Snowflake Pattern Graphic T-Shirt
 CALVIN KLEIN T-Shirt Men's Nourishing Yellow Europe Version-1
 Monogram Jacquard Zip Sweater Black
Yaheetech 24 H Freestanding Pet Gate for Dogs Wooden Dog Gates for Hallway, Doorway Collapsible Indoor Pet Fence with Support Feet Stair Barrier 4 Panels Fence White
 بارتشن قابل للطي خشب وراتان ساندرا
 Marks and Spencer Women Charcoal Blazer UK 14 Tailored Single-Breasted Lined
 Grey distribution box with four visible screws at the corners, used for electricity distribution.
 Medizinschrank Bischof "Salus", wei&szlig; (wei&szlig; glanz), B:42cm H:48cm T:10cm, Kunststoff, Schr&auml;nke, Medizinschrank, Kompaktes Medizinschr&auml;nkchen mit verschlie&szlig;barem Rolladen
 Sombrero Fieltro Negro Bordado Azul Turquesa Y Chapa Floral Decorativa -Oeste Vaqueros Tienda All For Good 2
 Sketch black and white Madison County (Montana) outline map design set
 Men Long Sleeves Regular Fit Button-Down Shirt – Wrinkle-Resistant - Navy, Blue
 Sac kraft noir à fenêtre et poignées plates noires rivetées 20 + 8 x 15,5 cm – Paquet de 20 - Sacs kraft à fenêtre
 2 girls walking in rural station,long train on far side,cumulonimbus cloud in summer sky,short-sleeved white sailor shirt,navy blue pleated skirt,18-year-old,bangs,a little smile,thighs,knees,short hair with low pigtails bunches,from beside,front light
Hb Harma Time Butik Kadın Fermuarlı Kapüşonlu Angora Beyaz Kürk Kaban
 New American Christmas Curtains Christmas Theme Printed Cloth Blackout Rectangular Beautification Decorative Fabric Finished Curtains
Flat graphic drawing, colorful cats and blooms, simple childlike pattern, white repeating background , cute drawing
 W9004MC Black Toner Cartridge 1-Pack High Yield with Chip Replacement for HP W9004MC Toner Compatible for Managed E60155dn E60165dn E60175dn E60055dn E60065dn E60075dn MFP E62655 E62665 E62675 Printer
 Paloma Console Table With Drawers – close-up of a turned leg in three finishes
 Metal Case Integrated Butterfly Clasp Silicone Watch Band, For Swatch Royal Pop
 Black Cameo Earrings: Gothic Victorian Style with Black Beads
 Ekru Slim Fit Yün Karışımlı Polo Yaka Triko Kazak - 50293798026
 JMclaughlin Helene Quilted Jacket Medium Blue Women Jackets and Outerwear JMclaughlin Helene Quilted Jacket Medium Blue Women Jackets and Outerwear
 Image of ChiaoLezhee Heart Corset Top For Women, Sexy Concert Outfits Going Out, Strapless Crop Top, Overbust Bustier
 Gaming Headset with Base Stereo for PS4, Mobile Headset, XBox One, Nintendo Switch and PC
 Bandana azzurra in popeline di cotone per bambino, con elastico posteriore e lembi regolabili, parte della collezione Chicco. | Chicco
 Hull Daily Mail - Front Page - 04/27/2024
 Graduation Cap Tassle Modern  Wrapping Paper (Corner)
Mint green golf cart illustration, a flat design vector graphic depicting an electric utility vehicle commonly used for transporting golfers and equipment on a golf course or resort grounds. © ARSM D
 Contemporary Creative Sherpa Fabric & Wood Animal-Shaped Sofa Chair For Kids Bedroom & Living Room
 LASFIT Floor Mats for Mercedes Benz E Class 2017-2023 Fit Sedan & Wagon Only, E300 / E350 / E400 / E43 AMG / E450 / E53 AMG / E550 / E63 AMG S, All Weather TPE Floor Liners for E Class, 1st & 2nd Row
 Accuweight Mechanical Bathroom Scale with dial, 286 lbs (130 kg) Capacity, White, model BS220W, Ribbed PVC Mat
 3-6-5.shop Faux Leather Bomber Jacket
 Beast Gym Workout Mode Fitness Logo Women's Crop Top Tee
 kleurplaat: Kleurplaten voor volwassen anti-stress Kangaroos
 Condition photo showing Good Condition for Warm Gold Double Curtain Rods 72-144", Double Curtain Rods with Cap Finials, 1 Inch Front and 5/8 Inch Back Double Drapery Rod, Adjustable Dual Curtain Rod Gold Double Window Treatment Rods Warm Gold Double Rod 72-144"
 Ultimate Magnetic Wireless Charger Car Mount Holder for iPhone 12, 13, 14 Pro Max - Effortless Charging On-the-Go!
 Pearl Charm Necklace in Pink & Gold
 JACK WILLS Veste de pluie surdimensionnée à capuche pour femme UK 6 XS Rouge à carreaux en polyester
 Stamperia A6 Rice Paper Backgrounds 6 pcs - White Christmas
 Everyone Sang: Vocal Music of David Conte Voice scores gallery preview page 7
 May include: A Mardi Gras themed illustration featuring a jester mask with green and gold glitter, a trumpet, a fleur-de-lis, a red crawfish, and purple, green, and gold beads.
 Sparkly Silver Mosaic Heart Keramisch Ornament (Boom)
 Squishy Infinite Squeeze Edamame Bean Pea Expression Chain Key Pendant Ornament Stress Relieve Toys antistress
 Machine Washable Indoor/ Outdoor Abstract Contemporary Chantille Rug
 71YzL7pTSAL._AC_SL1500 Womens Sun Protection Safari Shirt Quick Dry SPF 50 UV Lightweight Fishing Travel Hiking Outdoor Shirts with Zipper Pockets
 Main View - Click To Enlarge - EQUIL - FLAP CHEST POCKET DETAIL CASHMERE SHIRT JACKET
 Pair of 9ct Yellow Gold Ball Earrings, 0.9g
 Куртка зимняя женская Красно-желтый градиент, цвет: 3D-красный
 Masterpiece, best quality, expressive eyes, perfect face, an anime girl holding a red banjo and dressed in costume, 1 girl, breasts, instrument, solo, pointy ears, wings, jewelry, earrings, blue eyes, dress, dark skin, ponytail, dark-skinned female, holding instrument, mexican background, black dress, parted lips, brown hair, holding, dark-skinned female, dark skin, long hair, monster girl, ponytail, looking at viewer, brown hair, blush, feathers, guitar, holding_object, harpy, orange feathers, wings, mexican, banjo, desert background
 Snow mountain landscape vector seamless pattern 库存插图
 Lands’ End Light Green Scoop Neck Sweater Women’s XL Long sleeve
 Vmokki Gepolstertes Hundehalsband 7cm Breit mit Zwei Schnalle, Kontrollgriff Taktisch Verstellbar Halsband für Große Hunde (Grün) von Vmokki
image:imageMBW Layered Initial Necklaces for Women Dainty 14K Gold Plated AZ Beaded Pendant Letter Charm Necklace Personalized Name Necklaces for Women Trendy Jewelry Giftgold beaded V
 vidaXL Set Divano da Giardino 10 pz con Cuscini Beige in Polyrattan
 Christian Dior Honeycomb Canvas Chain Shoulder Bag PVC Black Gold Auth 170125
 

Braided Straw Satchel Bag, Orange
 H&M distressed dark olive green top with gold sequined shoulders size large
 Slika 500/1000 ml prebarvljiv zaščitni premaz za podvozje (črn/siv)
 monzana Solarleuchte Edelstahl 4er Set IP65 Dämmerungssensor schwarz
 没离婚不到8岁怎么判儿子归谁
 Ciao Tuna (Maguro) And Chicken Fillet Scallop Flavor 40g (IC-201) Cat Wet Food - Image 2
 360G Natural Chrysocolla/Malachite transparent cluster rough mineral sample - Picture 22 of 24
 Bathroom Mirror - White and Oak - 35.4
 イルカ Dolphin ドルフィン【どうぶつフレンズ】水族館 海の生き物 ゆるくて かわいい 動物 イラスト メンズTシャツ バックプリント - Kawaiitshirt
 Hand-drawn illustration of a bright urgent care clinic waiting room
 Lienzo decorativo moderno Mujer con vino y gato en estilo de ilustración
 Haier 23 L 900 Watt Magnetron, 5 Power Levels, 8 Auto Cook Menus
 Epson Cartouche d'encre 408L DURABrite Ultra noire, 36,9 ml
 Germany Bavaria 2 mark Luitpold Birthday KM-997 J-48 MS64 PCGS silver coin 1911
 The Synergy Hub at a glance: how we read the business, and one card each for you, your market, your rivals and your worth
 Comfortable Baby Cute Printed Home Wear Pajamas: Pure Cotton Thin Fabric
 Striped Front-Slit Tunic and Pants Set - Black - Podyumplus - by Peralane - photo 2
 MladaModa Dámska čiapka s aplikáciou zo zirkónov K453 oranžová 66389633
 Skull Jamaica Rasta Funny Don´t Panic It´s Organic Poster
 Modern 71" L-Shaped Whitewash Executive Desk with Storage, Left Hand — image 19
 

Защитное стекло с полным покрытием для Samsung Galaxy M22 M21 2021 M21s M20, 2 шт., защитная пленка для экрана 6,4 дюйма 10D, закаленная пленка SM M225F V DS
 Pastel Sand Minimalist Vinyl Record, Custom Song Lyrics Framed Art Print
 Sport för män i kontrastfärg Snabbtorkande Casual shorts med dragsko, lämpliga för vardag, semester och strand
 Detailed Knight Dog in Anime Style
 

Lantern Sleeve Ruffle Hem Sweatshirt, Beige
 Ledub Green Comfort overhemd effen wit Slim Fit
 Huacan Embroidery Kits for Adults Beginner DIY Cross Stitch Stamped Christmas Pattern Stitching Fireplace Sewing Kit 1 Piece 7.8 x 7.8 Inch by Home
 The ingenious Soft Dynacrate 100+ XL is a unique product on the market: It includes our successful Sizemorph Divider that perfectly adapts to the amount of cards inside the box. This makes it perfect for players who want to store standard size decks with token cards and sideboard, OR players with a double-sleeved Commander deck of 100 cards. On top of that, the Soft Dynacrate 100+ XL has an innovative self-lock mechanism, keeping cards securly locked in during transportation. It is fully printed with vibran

§ Work to be completed: Your answer must consist of every line from the listing that holds the string "Pendant".

§ Expected output:
 Squishy Infinite Squeeze Edamame Bean Pea Expression Chain Key Pendant Ornament Stress Relieve Toys antistress
image:imageMBW Layered Initial Necklaces for Women Dainty 14K Gold Plated AZ Beaded Pendant Letter Charm Necklace Personalized Name Necklaces for Women Trendy Jewelry Giftgold beaded V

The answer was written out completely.